In mainly comes down to feasibility of operation. In large scale most of the time its simply running trains through our gardens and just watching them move. Of course operation is mixed in for good fun, but I'd suspect that 90% of garden railroaders just watch trains. Call me a liar, and defend yourselves if you wish but come on garden railroading really is miniature railfanning. 


When you combine operation and modern it's really hard to get the two perfect. Class I in particular has turned over a lot of the branch lines to regional railroads, they handle the pick-up and deliver from the yard and the little guy takes care of package delivery. Class II railroads operate nearly identical trains to those of class II on a smaller operation, usually regionally.

Take the MRL they run one mainline from Sandpoint to Billings with trackage rights to Spokane. they handle all the rail service in between those two points with a handful of shortlines off the main trunk. They have big modern diesels SD70Ace run the line as well as nearly everything else. Their trains consist of everything from mixed freight to unit trains both coal and grain, and while I've never seen it I suspect a hotshot BNSF Intermodal could utilize the line to shortcut Marias Pass on the way to Kansas City.


As far as layout and location is concerned nothing is easier to model than a long bridge route with a little activity thrown in for good measure.
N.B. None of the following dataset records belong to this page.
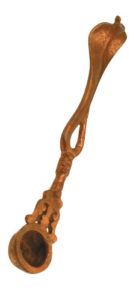 Dhoop-Löffel zum Räuchern aus Kupfer ca. 16 cm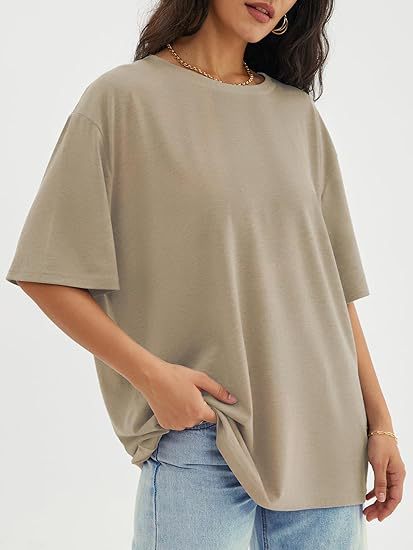 Plus Size Women's Round Neck T-Shirt Pullover Loose Short Sleeve 490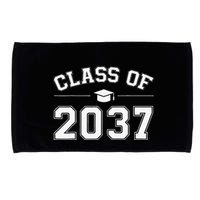 Class Of 2037 Grow With Me First Day Of School Graduation Microfiber Hand Towel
I'm attempting to model a manageable HO scale layout following the WSOR but with such short runs between points it's difficult to get enough railroad in to see operation and not include a Wye, and we all know how hard it is to model a Wye.


MRL also travels through the mountains with some scenic vistas from the old Milwaukee line west. Thus giving it the same appeal has The Utah Belt a Freelanced modern bridge line by Eric Brooman, one of my favorite model railroads of all time.


MRL even uses Caboose in its operation, and there is nothing more traditional than a rear end Caboose.


Sadly there are very few models of MRL available in the industry, a problem I'm having with the WSOR. None are made in 1:29 or large scale altogether.

When I originally started getting focused on my garden adventure I decided the DM&E would be the line for me. However painting all the locomotives and some of the freight was not something that appealed to me at this point in time. None the less I've kept obtaining various freight cars and ATSF/BNSF models, still haven't opened my BNSF SD70...


I imagine I'll settle on modeling the BNSF in my area, however its fun to seek out other lines that would be fun to operate as well as model. I mean who doesn't want big blue diesels in the garden. 


Of course their is Alaska... 


Cheers
Jeremy


----------



## work4fil (Jan 4, 2008)

Thank you Jeremy, for taking me back down memory lane. 

We lived in Sandpoint, just south of the Long Bridge. I worked over in Kootenai, where I got an eyeful of the MRL. I too enjoyed the blue diesels, especially the ones bringing airplane fuselages to Boeing. For grins, we would go to the Sandpoint station and watch trains roll through town. 

I have lots of good memories of weekends spent at Dog Beach, on the north end of the long bridge, basking in the sun, playing in Lake Pend D'Reille, while a freight came rumbling by every ten minutes. 

I feel your pain regarding the lack of models available of specific roads in large scale. However, we are a creative, resourceful lot, and we can overcome these marketing shortfalls with our vivid imaginations. So I would hesitate to use the word "settle." It is your road and I am confident you will find something you can model and will bring you joy. Afterall, that why we do this. 

Have fun. 

Fil


----------



## blattan (Jan 4, 2008)

There are a lot of BNSF "run through" trains on MRL. So, BN, SF, BNSF and other paint jobs on available product should be OK. Also, the Aristo-Craft SD-45 and the USAT SD40-2, SD70MAC & GP9 could be re-painted for MRL. The SD70MAC would substitute for the SD70Ace and the GP9 would substitute for the chop-nose GP9s that MRL has. Depending on your time period, the AC Southern Pacific SD-45 could be used with the SP lettering painted out. 

Bert


----------



## Bighurt (Sep 15, 2009)

I realize there is a significant portion of run through power, I might work towards that goal. It is far more conceivable than any other plan I have come up with. I should see if Shad still has those broken SD-70's for sale, I could kit-bash one into an actual SD-70Ace and paint it MRL colors. Sure it needs to be repaired but it's a cheap entry into a model one needs to bash. 

Just having trains is enjoyment enough but I'm usually not satisfied by simplistic means. I'd like a little prototype in my model. 

Another plus is if I include the Livingston locomotive repair facility, I could have any number of locomotives on the line... 

Appreciate both your inputs.


----------



## jebouck (Jan 2, 2008)

Aristo made a few MRL box cars. There are several in our club.

http://www.aristocraft.com/database...;year=2004


----------